If you ever tought about hooking system calls in linux from userspace or kernel space, the most common methods you must have heard are:

1) By inject a library using LD_PRELOAD(user mode).

2) Modifying Syscall table(kernel mode).

But both methods have their limitations. The first mutual limitation is, both are most known/expected techniques used by attackers, so they are the first thing an AV product or researcher checks. For LD_PRELOAD other limitation is it's per process based (ignoring /etc/ld.so.preload since its very easily detectable and visible). Whereas, for syscall table modification, the biggest issue is that the table is read only since kernel version 2.6.16 (although that can be bypassed by changing CR0.WP, but it's an extra work and an AV detection will trigger on such sequence of code.)

A better approach which we are discussing here for syscall hooking is using ftrace. It is relatively less known and more robust method since the ftrace functionality preexist in all linux kernel above 2.6.27. So, the kernel provides full support for your operations.

Basics of Ftrace

Ftrace is an internal tracer designed to help out developers and designers of systems to find what is going on inside the kernel.The ftrace infrastructure was originally created to attach callbacks to the beginning of functions in order to record and trace the flow of the kernel. But these callbacks can also be used for hooking/live patching or monitoring the function calls.

Ftrace can be used to trace kernel functions call from another kernel module or can be interacted from userspace using tracefs file system and trace-cmd tool. To monitor system calls, we will be creating a kernel module and using ftrace functionalities inside it. To learn better how to hook a system call using ftrace, we will be creating a small fun project.

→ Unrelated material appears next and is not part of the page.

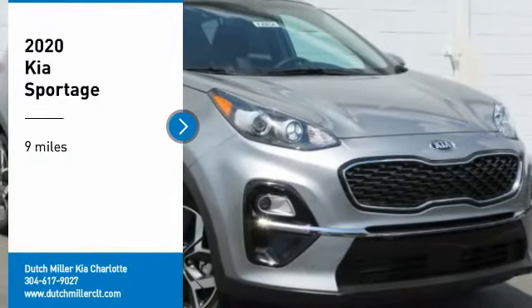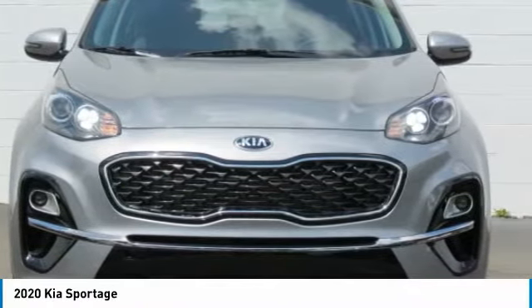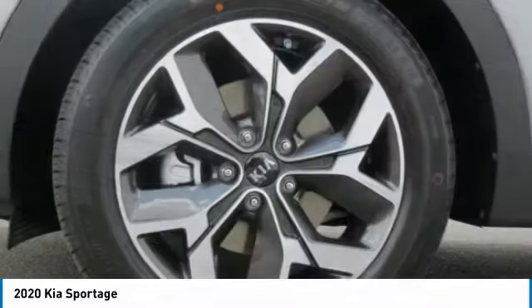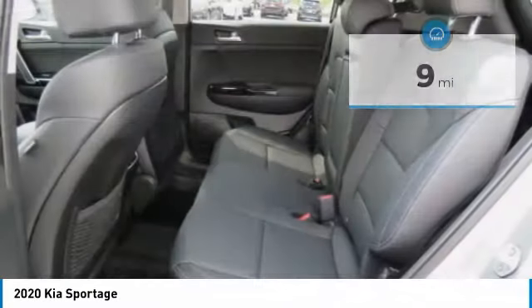Make a great choice today with the 2020 Sportage. With its sleek and stylish exterior and its roomy, feature-laden interior, the Sportage both looks good and performs well on the road. This vehicle has less than 100 miles. If you like it online, you'll love it in your driveway — take it for a spin today.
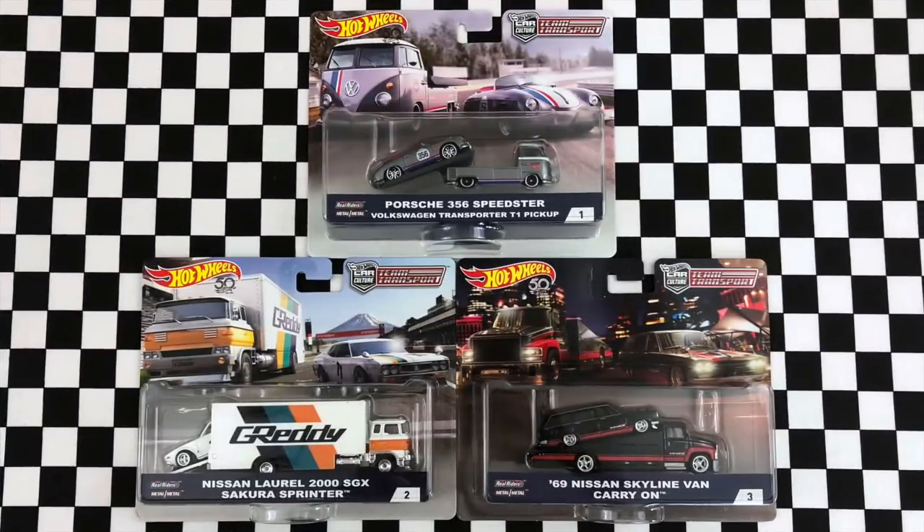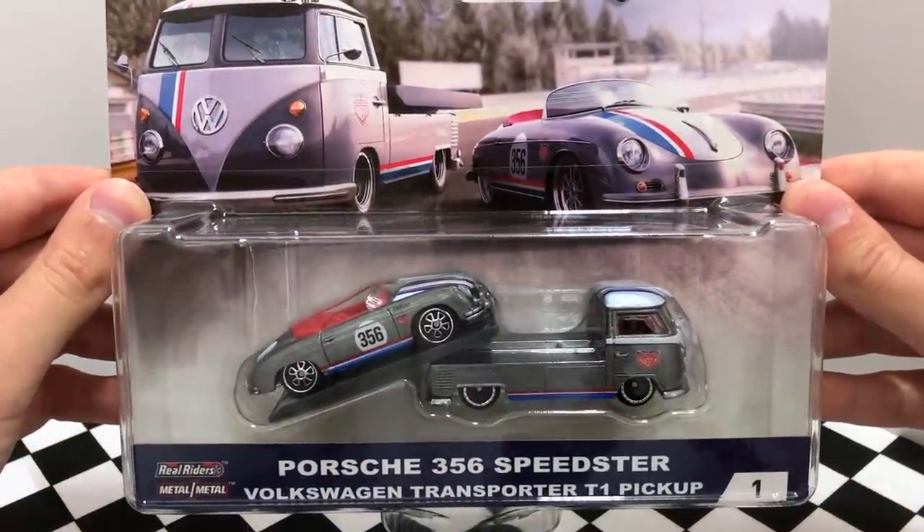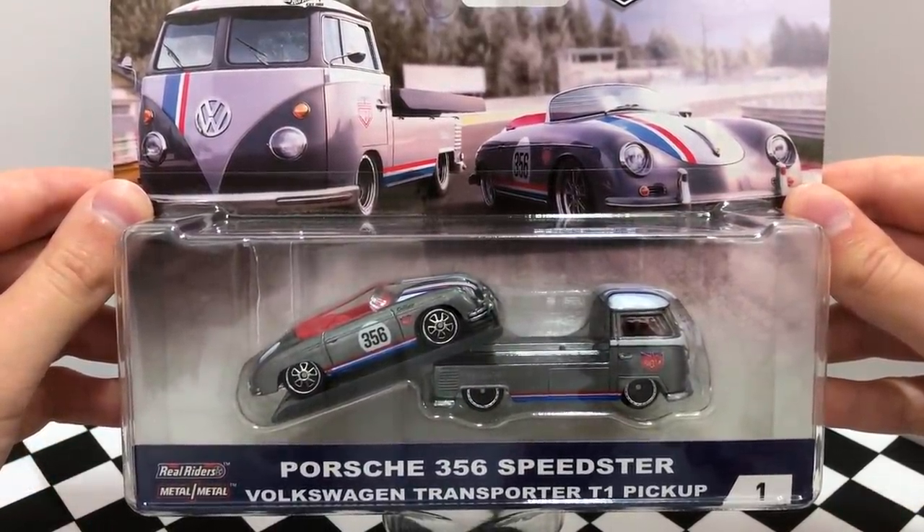Hey guys, what's going on? It's Hot Wheels Garage, and today we're opening up the Car Culture Team Transport sets, which include a premium vehicle and a high-end truck. The first pack is the Porsche 356 Speedster and the Volkswagen Transporter T1 Pickup.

Making a file Immutable using system call hooking

Before getting into coding part, we need to understand the implementation that we have to follow to make a file non-writable/immutable. As a first thought it must come in your mind that we need to hook the sys_write syscall and if write operation is occurred in our target file then block it. But that method is partially complete. If you check the format of sys_write call:

long sys_write(unsigned int fd, const char __user *buf,
			  size_t count);

You will notice that we don't pass the filename as funtion argument, rather the call relies on file descriptor (1st arg) to identify which file to write on. You must have guessed it by now that we also need to hook sys_open along with sys_write to get the filename. In modern linux systems sys_open has been deprecated and replaced by sys_openat. So, we need to hook that rather than sys_open:

long sys_openat(int dfd, const char __user *filename, int flags,
			   umode_t mode);

Once we hook both calls, In sys_openat if we see the target filename then we need to store the process id and file descriptor of the calling process. PID is required since the file descriptors value can be similar between different process as the fd field is not global but process specific data. On every sys_write, we need to check if the write is done by our calling process and fd is similar or not. If it matches with our store data then we can block it. So, let's start understanding the ftrace usage and write the code in parallel.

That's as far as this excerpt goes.